La reprise du marché immobilier américain a marqué le pas en avril, les nouvelles inscriptions ayant augmenté plus rapidement que les ventes pour la première fois en 2026. La hausse des taux hypothécaires a tempéré la demande des acheteurs, entraînant une accumulation des stocks, selon un rapport de marché de Zillow publié le 6 mai.
« Les mises en chantier ont bondi en mars, dépassant les attentes, mais les permis de construire ont chuté », a déclaré Ted Rossman, analyste principal chez Bankrate, dans une note récente. « Cela laisse présager un ralentissement à venir. »
Alors que les mises en chantier ont augmenté de 10,8 % en mars, les permis de construire pour des projets futurs ont chuté de 10,8 %, soit un chiffre quasi identique, selon les données du Census Bureau et de Zillow.
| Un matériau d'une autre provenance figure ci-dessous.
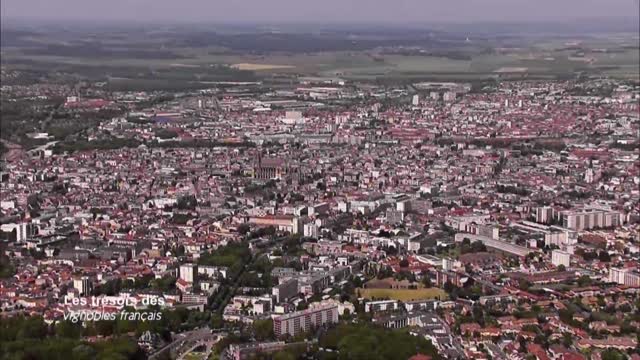Les trésors des vignobles français35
Cette divergence se reflète dans les prix : les données de Zillow montrent que le prix médian au pied carré pour les nouvelles constructions a baissé de 1,8 % sur un an en février, tandis que les prix de vente nationaux globaux ont reculé de 2,2 % en mai.
Le refroidissement de la demande impose un équilibre précaire aux constructeurs et aux vendeurs, pour qui la stratégie de prix devient cruciale. Environ 36 % des annonces nationales faisant l'objet de baisses de prix, le marché teste si le réalisme tarifaire peut améliorer la liquidité des transactions dans un environnement de taux élevés, ou si les stocks continueront de gonfler et d'exercer une pression à la baisse supplémentaire sur les valeurs.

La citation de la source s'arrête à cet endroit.